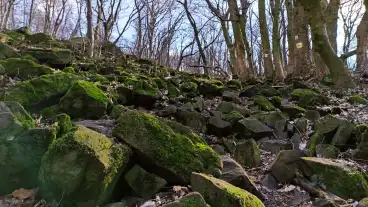 Nagygorbo Bazalt Utca 1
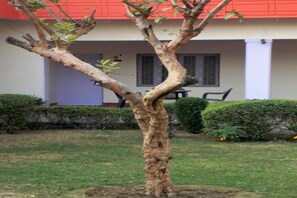 Garden - Hotel Goverdhan Tourist Complex (Kiraoli)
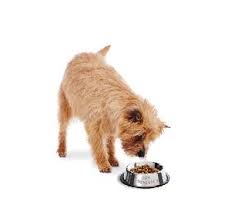 Check spelling or type a new query. Wagg Dog Food Reviews Wag Dog Food Food For Dogs And Cat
§
:: Task statement ::
All that is wanted is the lines from the one holding "Garden - Hotel" through the end of the material, duplicated exactly, with no pictures.

:: Written response ::
 Garden - Hotel Goverdhan Tourist Complex (Kiraoli)
 Check spelling or type a new query. Wagg Dog Food Reviews Wag Dog Food Food For Dogs And Cat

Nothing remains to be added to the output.